AVAILABLE DATA —

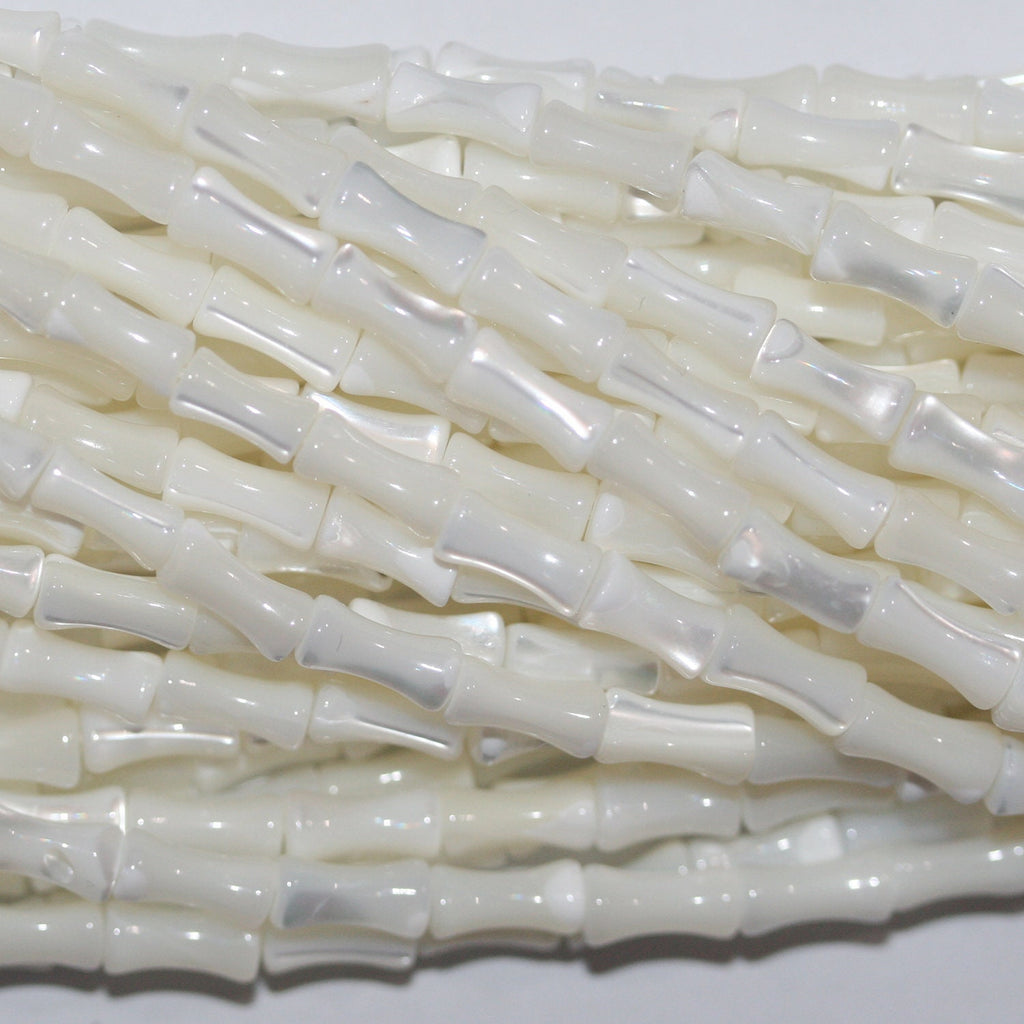 Cuentas de barril lisas St MOP de 16" (8 x 4 mm) - Hilo de 40 cm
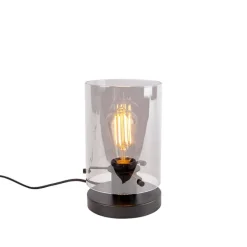 Design tafellamp zwart met smoke glas - Dome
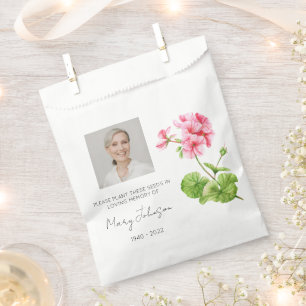 Geranium   Simple Photo Funeral Seed Favour Bag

WHAT IS REQUIRED — Would you reproduce the lines from the one with "Design tafellamp zwart met smoke glas - Dome" through the final line of the data above, exactly and only those, without any pictures?

EXERCISE SOLUTION —
 Design tafellamp zwart met smoke glas - Dome
 Geranium   Simple Photo Funeral Seed Favour Bag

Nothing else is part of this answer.